Zwischen dem Staat Israel und der Palästinensischen Befreiungsorganisation (PLO), der Vertretung des Palästinensischen Volks:

In Erwägung, dass beide Seiten wünschen, den historischen Konflikt zwischen ihnen zu beenden, Frieden zu schließen und eine historische Versöhnung der beiden Nationen einzuleiten;

in Erwägung, dass beide Seiten einen Frieden auf der Basis der Grundsätze der Selbstbestimmung, der gegenseitigen Achtung, der Gerechtigkeit und Gleichheit wünschen; in Erwägung, dass beide Seiten das Prinzip "Zwei Staaten für zwei Nationen" anerkennen; in Erwägung, dass beide Seiten die UN-Resolutionen 242, 338 und 194 als Grundlage für eine Lösung anerkennen und die Umsetzung des vorliegenden Vertrags als volle Verwirklichung dieser Resolutionen ansehen, vereinbaren beide Seiten: Abschnitt 1: Ende der Besatzung

Binnen eines Jahres wird die israelische Besatzung beendet und werden alle mit ihr geschaffenen Institutionen, Strukturen und Funktionen in der Westbank, im Gaza-Streifen sowie im arabischen Ost-Jerusalem abgebaut sein.

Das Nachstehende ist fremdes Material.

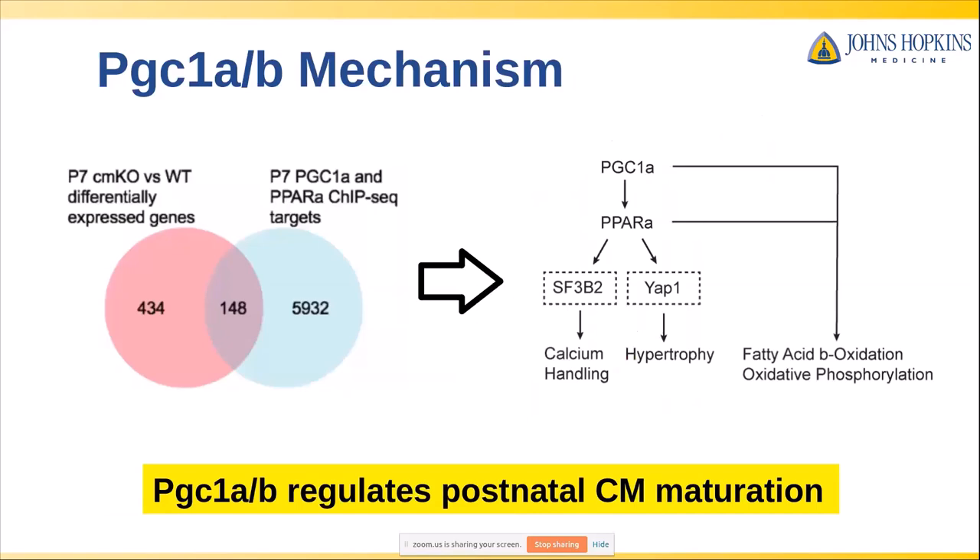I'd encourage you to check out the paper for full details. As a next step, we took the differentially expressed gene list from our single-cell data and compared it against our PGC1 alpha and PPAR ChIP-seq data. We found that PGC1 alpha can actually regulate a number of different aspects of cardiomyocyte biology outside of just mitochondrial biogenesis — through SF3B2 it can regulate calcium handling, and through YAP1 it can affect hypertrophy. This suggested that PGC1 alpha has really broad regulatory roles in postnatal cardiomyocyte maturation, and many of these studies were uniquely enabled by our ability to sort adult cardiomyocytes for sequencing and other assays.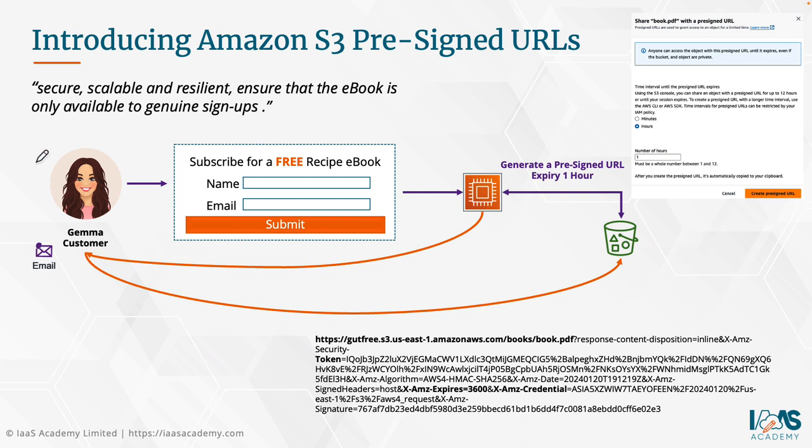A pre-signed URL remains valid for the period of time specified when the URL is generated. If created with the console, you can set the expiration to between 1 minute and 12 hours. If you use the CLI or SDKs, you can set the expiration as high as 7 days. This addresses the CTO's concern about the link going viral and encourages more people to sign up before accessing the e-book.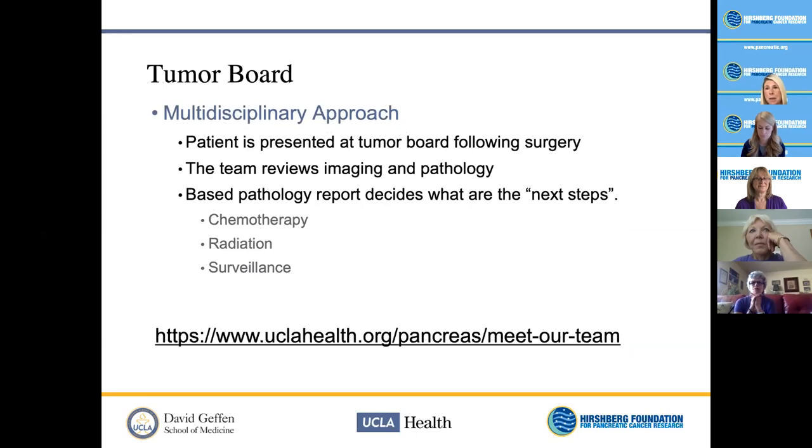After surgery, patients return to clinic around the two-week mark after discharge and are presented again at the multidisciplinary conference — this time as a tumor board discussion. Pathology presents findings: tumor differentiation, lymph node involvement, margin status. If the patient had neoadjuvant chemotherapy, the pathologist comments on whether chemotherapy affected the tumor. The team then decides next steps — more chemotherapy, radiation referral, or just surveillance.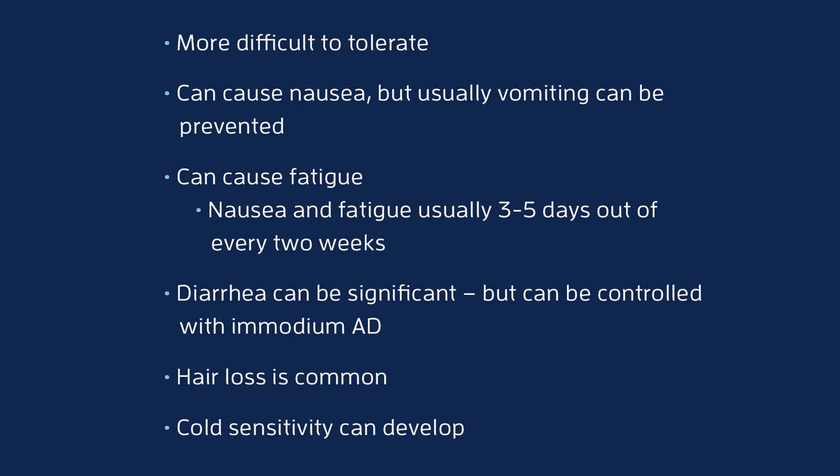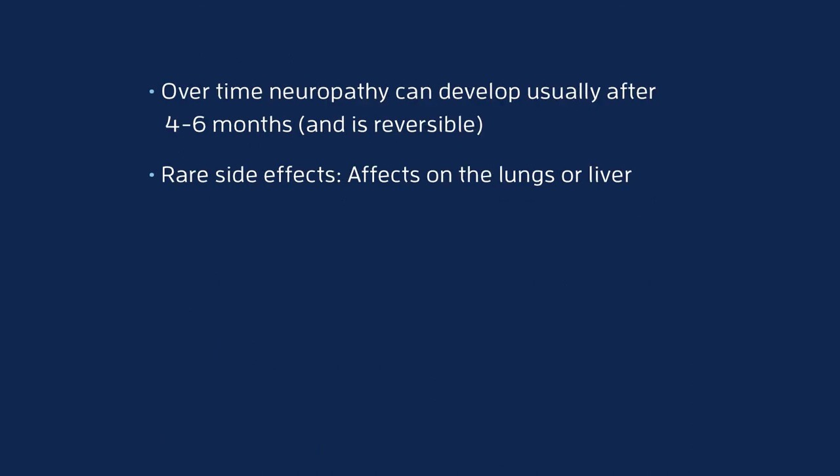Finally, there's things like hair loss, which unfortunately does happen in most patients with irinotecan, and significant effects on the blood counts — which is why we often give a shot called Neupogen or Neulasta on the fourth day of the treatment.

Abschnitt 2: Der Staat Palästina

Binnen eines Jahres wird der unabhängige und souveräne Staat Palästina in der Westbank und im Gaza-Streifen, einschließlich des arabischen Ost-Jerusalem, dem an Palästina grenzenden Teil des Toten Meers und der Territorialgewässer des Gaza-Streifens gegründet.

Abschnitt 3: Grenzen

Die Grenzen zwischen dem Staat Israel und dem Staat Palästina werden - vorbehaltlich anderer Vereinbarungen im vorliegenden Vertrag - markiert durch die Waffenstillstandslinie, wie sie am 4. Juni 1967 bestand (im Folgenden: die Grüne Linie). Der Staat Palästina wird die vollständige souveräne Kontrolle über alle seine Grenzen zu Lande, zur See und in der Luft ausüben.

Beide Seiten wünschen offene Grenzen zwischen ihren Staaten und streben ein Rahmenwerk von Regelungen für grenzüberschreitende Wirtschafts- und Handelsbeziehungen an, die den freizügigen Personen- und Güterverkehr zwischen beiden Staaten nicht beschränken.

Abschnitt 4: Jerusalem

Beide Seiten erkennen die Einzigartigkeit der Stadt Jerusalem an und erklären ihren Willen, sie als urbane Einheit zu bewahren, die für jedermann offen ist. Die arabischen Bezirke, entsprechend der beigefügten Karte, werden ein integraler Bestandteil des Staats Palästina sein und seine Hauptstadt bilden. Diese Bezirke werden bruchlos ineinander übergehen und als zusammenhängende territoriale Einheit zum Staat Palästina gehören.

Die jüdischen Bezirke, entsprechend der beigefügten Karte, werden ein integraler Bestandteil des Staats Israel sein und seine Hauptstadt bilden. Diese Bezirke werden bruchlos ineinander übergehen und als zusammenhängende territoriale Einheit zum Staat Israel gehören.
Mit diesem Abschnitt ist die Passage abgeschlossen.